Chapter 1 The challenge of finding, accessing, and using data

In the realm of data sharing policies adopted by numerous national and international organizations, a common challenge arises for researchers and other data users: the practicality of finding, accessing, and using data. Navigating through an extensive and continually expanding pool of data sources and types can be a complex, time-consuming, and occasionally frustrating undertaking. It entails identifying relevant sources, acquiring and comprehending pertinent datasets, and effectively analyzing them. This challenge is characterized by issues such as insufficient metadata, limitations of data discovery algorithms and systems, and the limited visibility of valuable data repositories and cataloging systems. Addressing the technical hurdles to data discoverability, accessibility, and usability is vital to enhance the effectiveness of data sharing policies and maximize the utility of collected data. In the following sections, we will delve into these challenges.

1.1 Finding data

Researchers and data users employ various methods to identify and acquire data. Some rely on personal networks or tribal knowledge to locate and obtain the data they require, or identify datasets of interest in academic publications. This may lead to the use of data that may not be the most relevant for the researcher’s specific purpose. Many other data users rely on general search engines or turn to specialized data catalogs to discover relevant data resources.

Prominent internet search engines possess notable capabilities in locating and ranking pertinent resources available online. The algorithms powering these search engines incorporate lexical and semantic capabilities. Straightforward data queries, for example a search for population of India in 2023, will yield an instant answer to the prompt (though not always from the most authoritative source). Less specific queries, for example a search for malnutrition indicators for Yemen, will not return a direct answer, but will provide adequate information and links to useful resources, as the search engine has semantic capability and can associate anthropometric indicators like percentage of stunting, wasting, and underweight population to the concept of malnutrition. Generative artificial intelligence has added the capability of these search engines to engage with data users using natural language, which may be suitable for addressing simple queries, although not without risk of errors and inaccuracies. But internet search engines are not be optimized to identify the most relevant data when the user’s requirements cannot be expressed in the form of a straightforward query. And the answers they return to users’ queries is constrained by the quality of metadata attached to data available online.

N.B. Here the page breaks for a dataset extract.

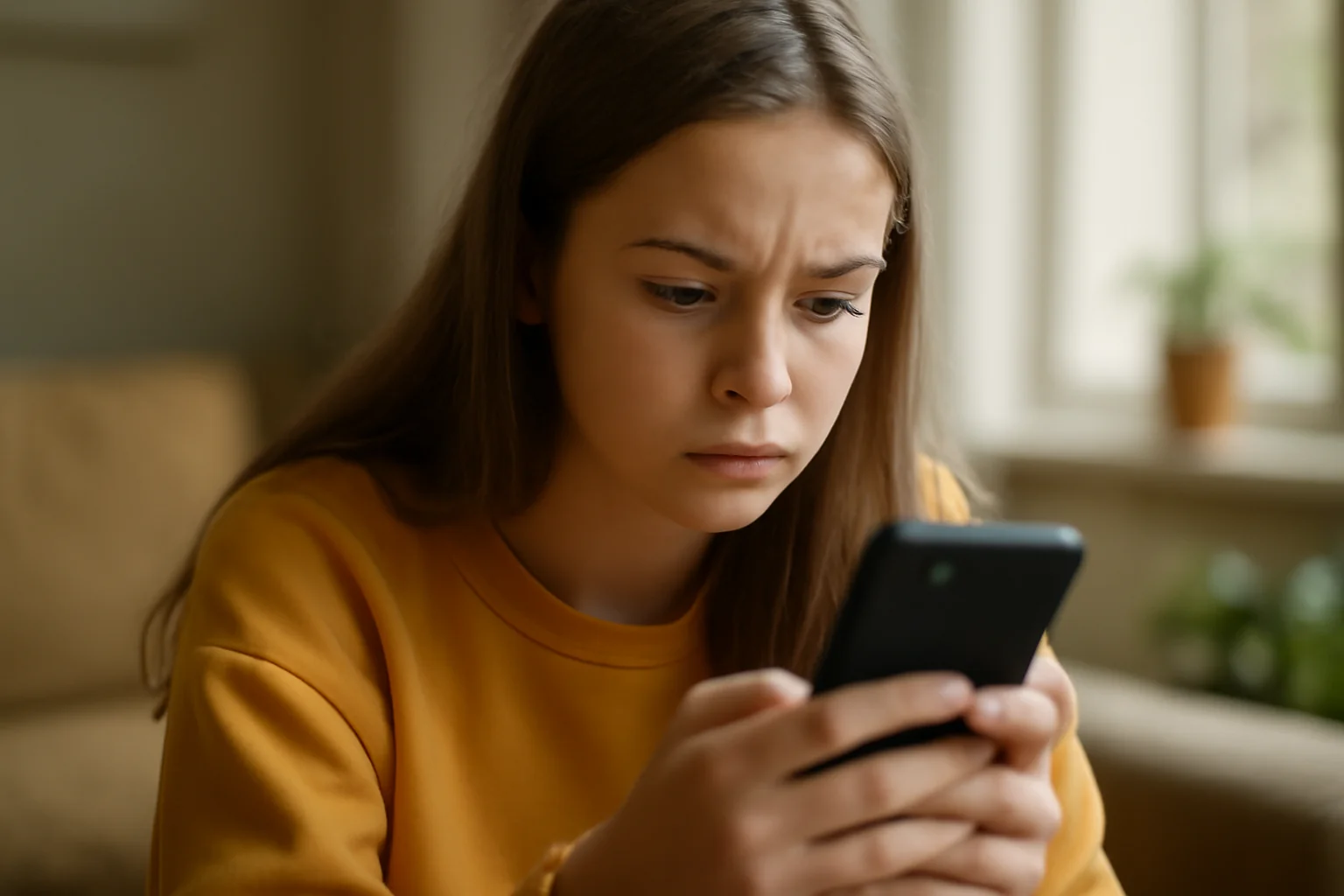 O nouă țară pregătește blocarea rețelelor de socializare pentru minorii sub 16 ani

Specialized online data catalogs and platforms managed by national or international organizations, academic data centers, data archives, or data libraries may be better suited for researchers seeking data. Unfortunately, the search algorithms integrated into these specialized data catalogs are often limited to simple, poorly optimized keyword-based systems, and many rely on sub-optimal metadata. They have lexical search capability – although not always adequately optmized – but often lack advanced semantic search capability and fail to operate as recommender systems. With the rapid advancements of technology and the availability of powerful open-source solutions, the search performance of specialized data catalogs can be significantly enhanced, transforming data catalogs into effective data recommender systems. The solution necessitates not only the adoption of better technology, but also high-quality, comprehensive, and structured metadata. Metadata, which offers a detailed description of datasets, is what search engines rely upon to identify and locate data of interest.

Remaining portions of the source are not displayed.